Embora esse seja seu formato oriental, o haicai foi se modificando ao conquistar adeptos em línguas ocidentais. Com o tempo, autores de diferentes idiomas, diante da impossibilidade fonética de reproduzir o efeito dos sons da língua nipônica, optaram por uma silabação livre. Os temas mais explorados são os referentes à natureza, embora modernamente tenham aparecido outros como o amor, o cotidiano e até problemas sociais. Enfim, no seu estilo popular, busca de forma sintética retratar experiência concreta por meio do equilíbrio entre métrica e mensagem.

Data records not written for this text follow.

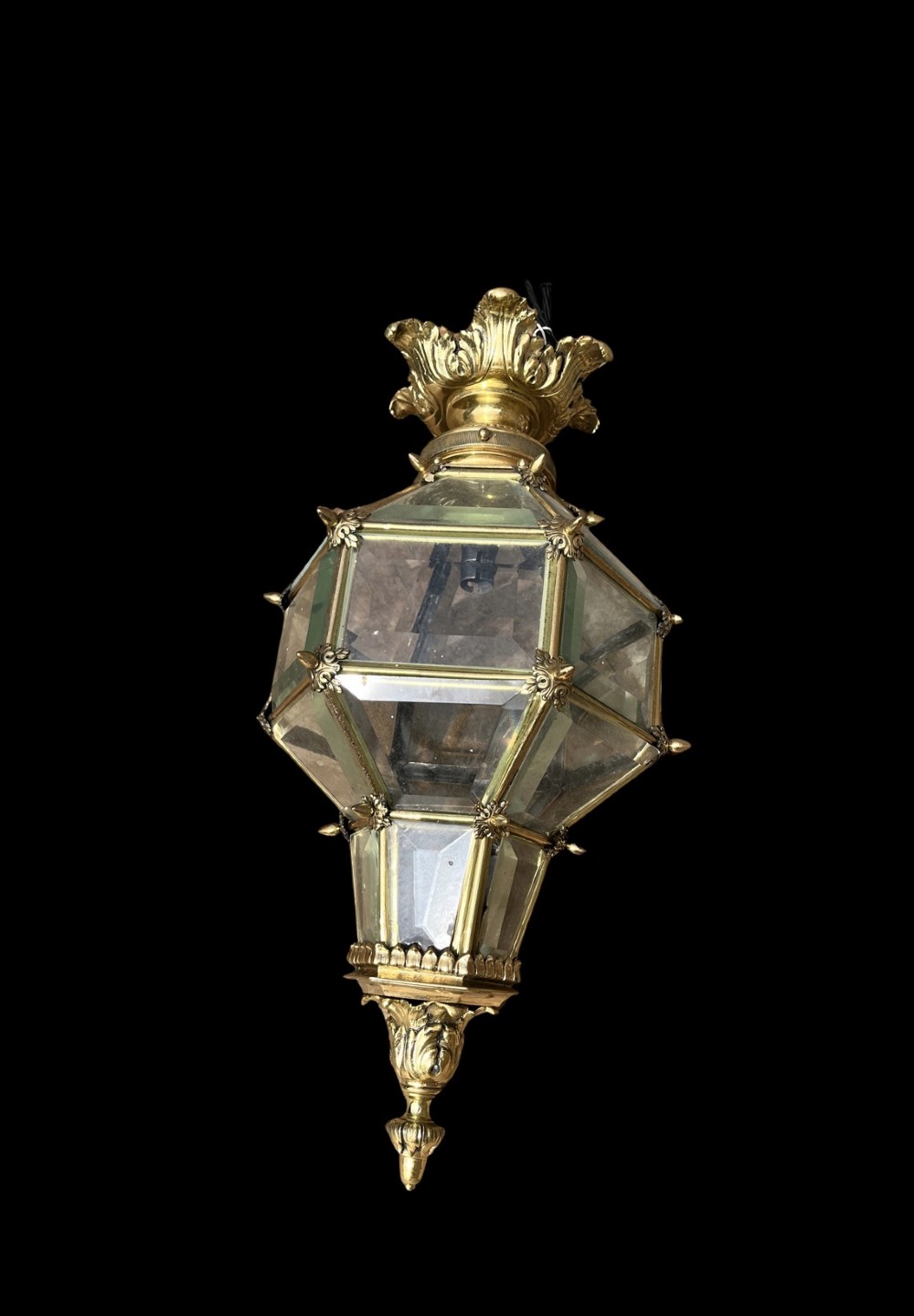 An ornate Versailles style French brass hanging lantern featuring bevelled glass panels, cast metal mouldings, and a leaf motif crown. View II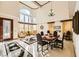 Bright dining room featuring a large table, high ceilings, and lots of natural light at 373 Via Sonador, Henderson, NV 89012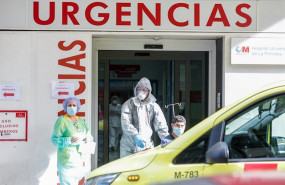ep un sanitario empuja una silla de ruedas con un enfermo leve de covid-19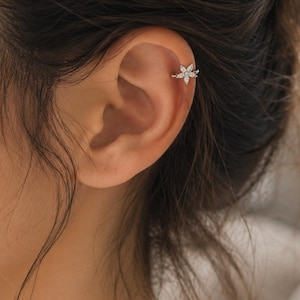 Pode incluir: Um ear cuff de tom prateado com um design em forma de flor adornado com pequenas pedras transparentes de corte marquise. A peça de joalharia está posicionada na cartilagem superior da orelha, exibindo uma banda metálica fina que prende o ornamento floral.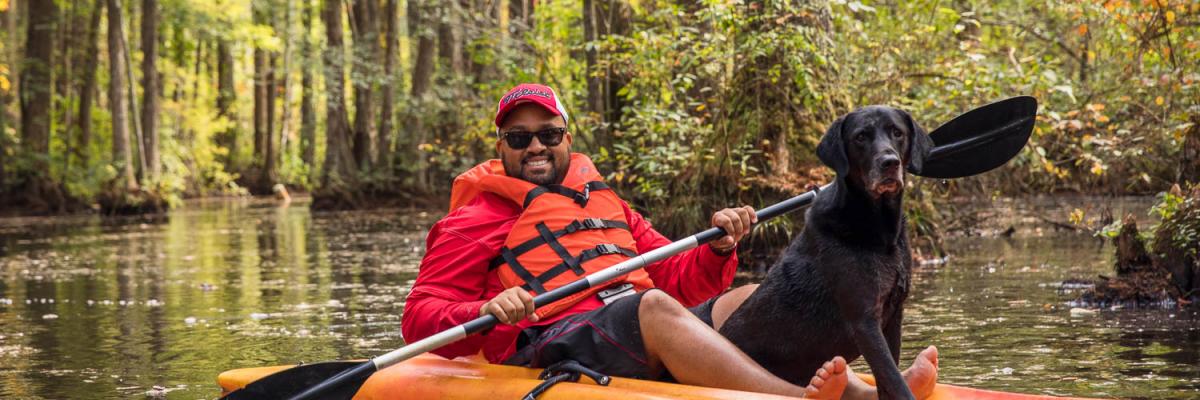Man kayaking with his dog
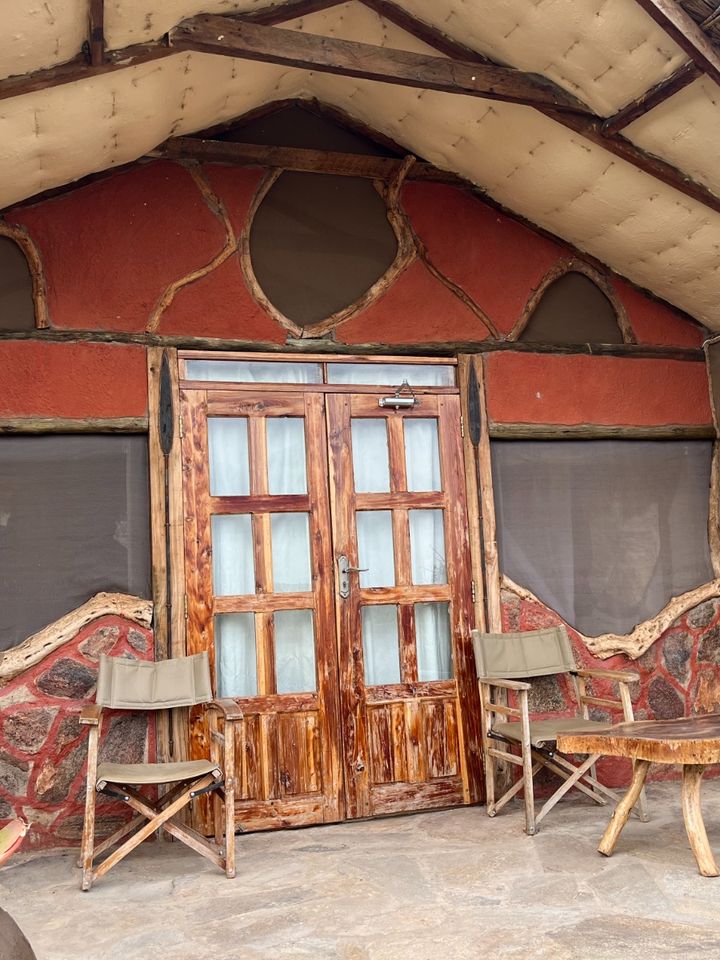 Rustic cabin with stone and wood patio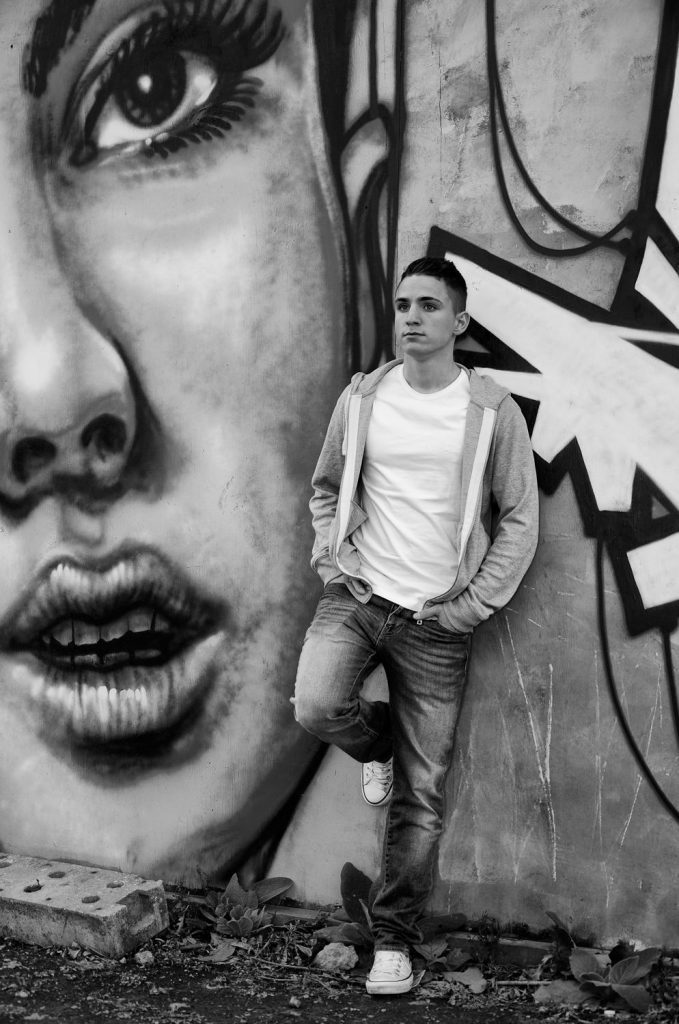 Schwarz-Weiß-Foto: junger Mann vor einer Graffiti-Wand mit großem Gesicht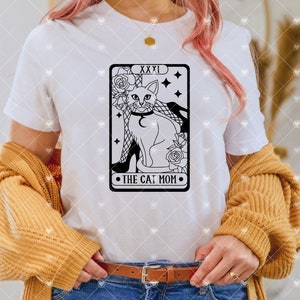 Puede incluir: Camiseta blanca con una ilustraci&oacute;n en blanco y negro de un gato con un collar y sentado en un zapato de tac&oacute;n alto. La ilustraci&oacute;n est&aacute; en el estilo de una carta de tarot y dice "XXXI The Cat Mom".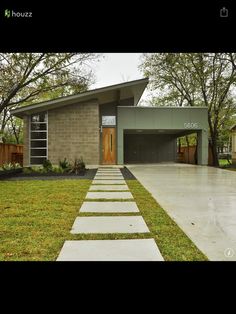 a house with grass and trees in the front yard, along with a walkway leading up to it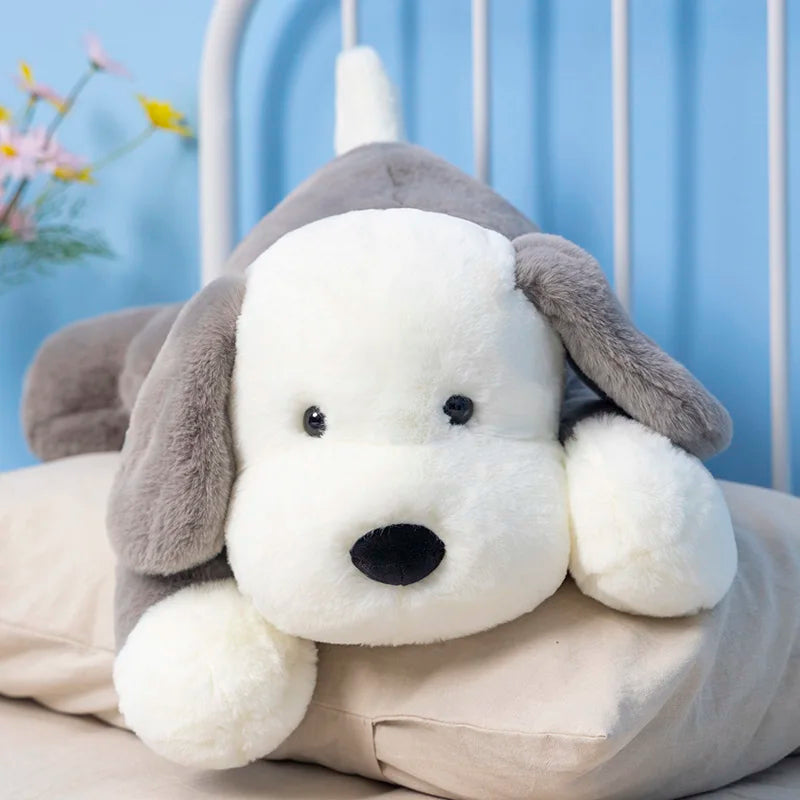 A soft plush toy puppy with gray ears and a beige body, lying on a bed.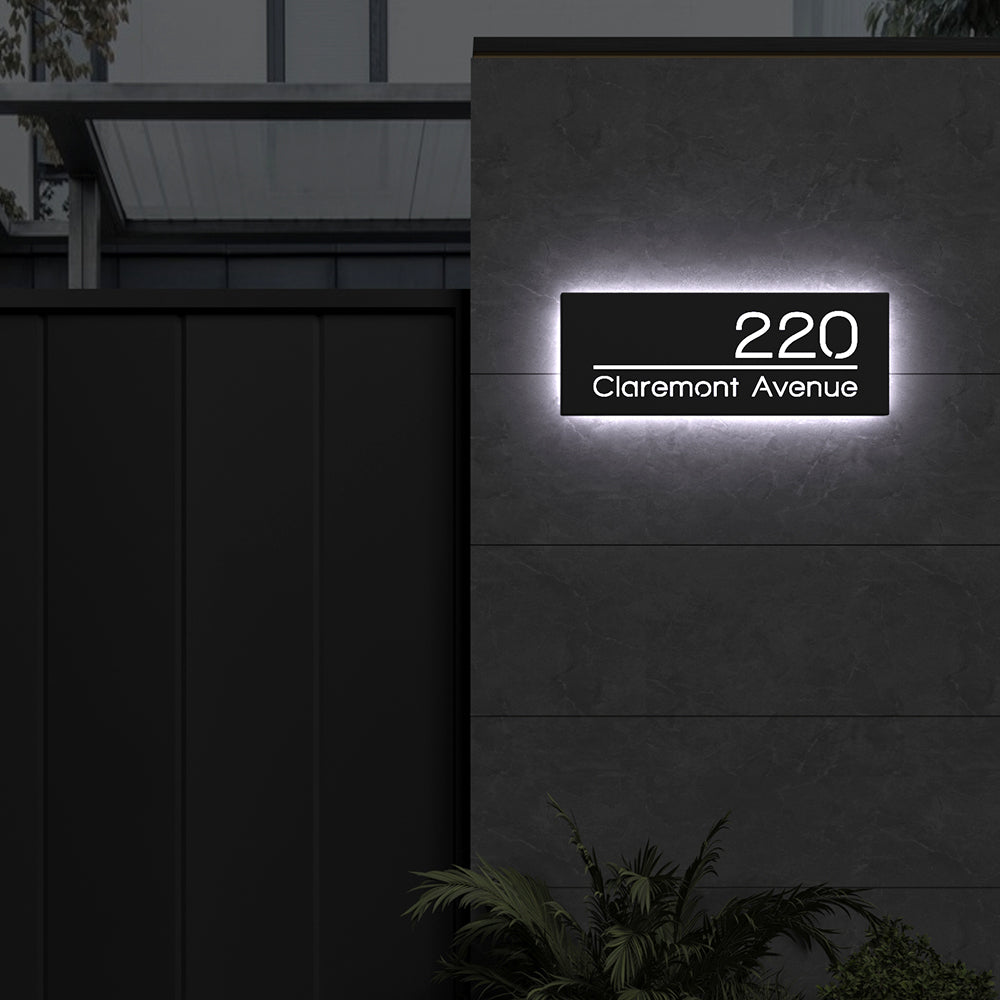 Line Design LED Address Sign with Street Name with 220 Claremont Avenue illuminated in white backlighting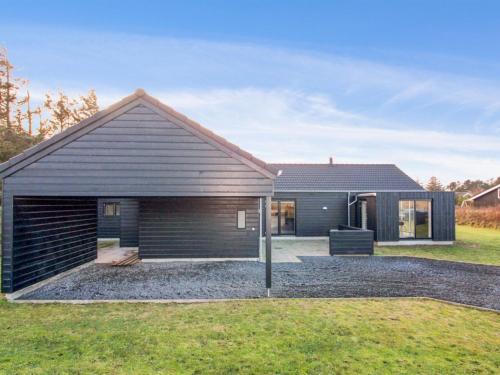 una casa con techo negro y patio en Holiday Home Øthbiorn - 1-1km from the sea by Interhome, en Løkken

Ao nosso país ele chegou com imigrantes japoneses cuja primeira leva aqui aportou há 117 anos no navio Casato Maru. O crítico literário Afrânio Peixoto foi um dos primeiros a apresentá-lo aos leitores comparando-o com nossas trovas mas considerando que seu molde era de fato virtude inerente ao idioma que o concebeu. Mesmo assim, vários brasileiros aderiram ao gênero, encontrando-se entre os mais representativos o próprio Afrânio Peixoto, Guilherme de Almeida, Olga Savary, Helena Kolody, Fanny Dupré- que publicou em 1949 a primeira obra feminina do gênero. Há outros. Três nomes reconhecidos nesta arte são Paulo Leminski (Viver é superdifícil/ O mais fundo/ Está sempre na superfície”), Millôr Fernandes (“Nos dias cotidianos/ É que se passam/ Os anos”) e Alice Ruiz (“Assombrada por você/ Minha sombra/Se esconde de mim”).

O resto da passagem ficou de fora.